Rod et al,
I now recall the application that required setting the Null route admin
distance to something less than the iBGP distance. Note that iBGP NLRI
comes with other attributes, such as communities. If one is doing filtering
based on communities, then an iBGP path with a filtered community would not
be announced by a router, even though there is a network statement and a
null route. Some applications may require one to filter routes injected by
rtr1, however there may be some exceptions, especially if rtr1 has a path to
a network that rtr2 has, but rtr2 is filtering.
In short, whenever you want to use a locally originated route over any iBGP
learned route, you need to set the admin distance of the null route to less
than the admin distance of iBGP route.
HTH,
chris
> -----Original Message-----
> From: Rod Oliver [mailto:roliver@chello.com]

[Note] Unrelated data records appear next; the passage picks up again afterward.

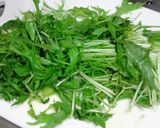 水菜と小松菜と牛肉のアッサリ煮作り方1写真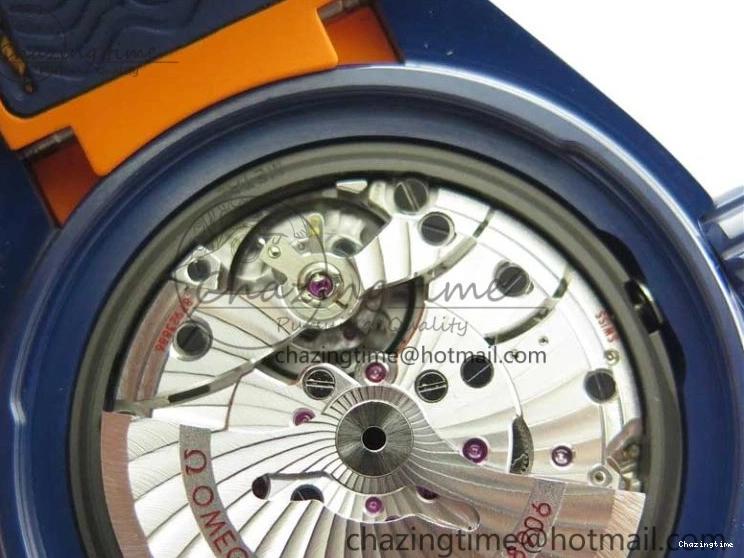0521 Planet Ocean 45.5mm Big Blue Real Ceramic VSF 1:1 Best Edition on Blue Rubber Strap A8906 Super Clone Unique 7896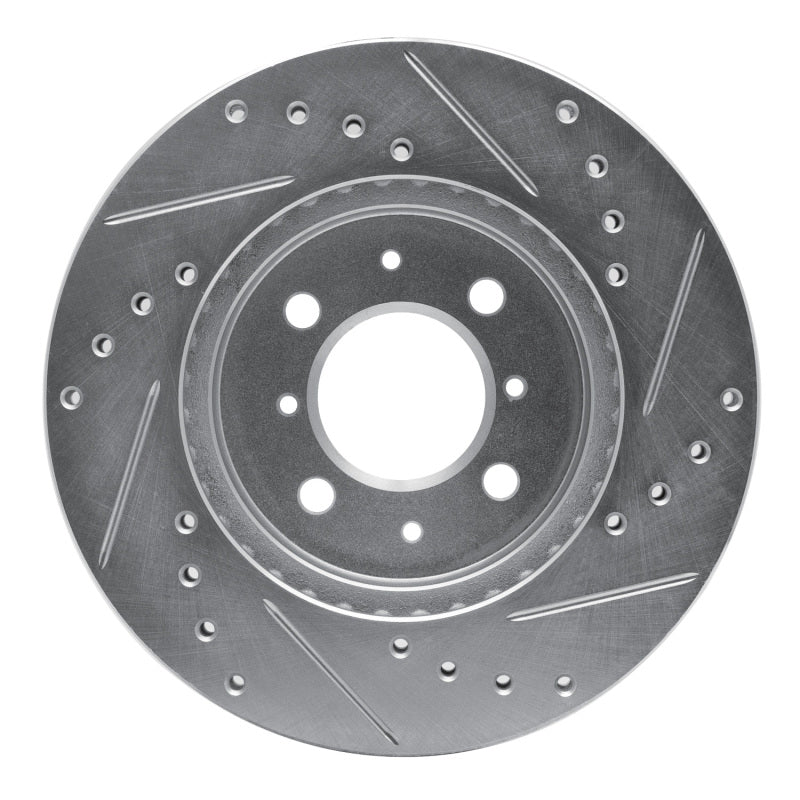 DFC 90-91 Audi 90 Quattro Front Left Drilled & Slotted Silver Brake Rotor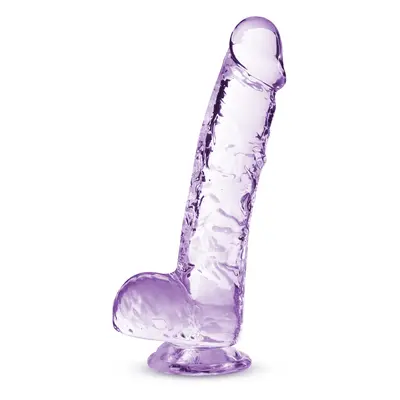 Dildo Blush NATURALLY YOURS 6INCH CRYSTALLINE fialové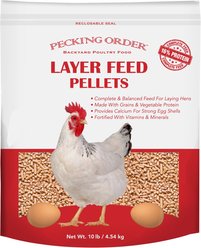 Pecking Order Layer Feed Pellets Chicken Feed, 10-lb bag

> Sent: Saturday, July 22, 2000 10:03 AM
> To: cisco-nsp@puck.nether.net
> Subject: RE: [nsp] Question about BGP routing damping
>
>
> I have never had a problem keeping a route in the FIB using a
> static to
> null0 with an admin distance of 250. I think there might be
> an issue if the
> distance is 255, unreachable.
>
> Rod
>
> > -----Original Message-----
> > From: Martin, Christian [mailto:CMartin@mercury.balink.com]

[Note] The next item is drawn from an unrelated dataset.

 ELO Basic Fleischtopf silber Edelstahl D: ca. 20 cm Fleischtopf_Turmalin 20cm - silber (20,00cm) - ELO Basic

> > Sent: Friday, 21 July 2000 10:35 p.m.
> > To: 'Tatsuya Kawasaki'; cisco-nsp@iagnet.net
> > Subject: RE: [nsp] Question about BGP routing damping
> >
> >
> > The announcing router must have an exact match entry in the
> local FIB in
> > order to announce the route. The one exception is when creating
> > aggregates,
> > in which case, only a prefix-match must be made. If an
> > 'internal' or local
> > path is not available, the prefix will be withdrawn, thus causing
> > route-flapping. Most get around this by routing their static
> > announcements
> > to null0 with a high distance. Some applications require
> you to set this
> > distance to something less than 200, some not.
> >
> > chris
> >
> > > -----Original Message-----
> > > From: Tatsuya Kawasaki [mailto:tatsuya@kivex.com]

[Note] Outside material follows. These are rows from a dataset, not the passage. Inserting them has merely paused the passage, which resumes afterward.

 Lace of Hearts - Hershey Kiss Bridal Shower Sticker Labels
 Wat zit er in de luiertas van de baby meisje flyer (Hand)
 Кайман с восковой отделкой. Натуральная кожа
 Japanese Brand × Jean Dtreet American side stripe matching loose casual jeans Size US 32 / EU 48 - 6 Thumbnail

> > > Sent: Friday, July 21, 2000 2:56 PM
> > > To: cisco-nsp@iagnet.net
> > > Subject: [nsp] Question about BGP routing damping
> > >
> > >
> > >
> > > Hello,
> > >
> > > I have a simple bgp question.
> > >
> > > In the BGP statement, we defined the network.
> > >
> > > I thought network statement in the bgp statement is
> > > independent of internal routing protocol.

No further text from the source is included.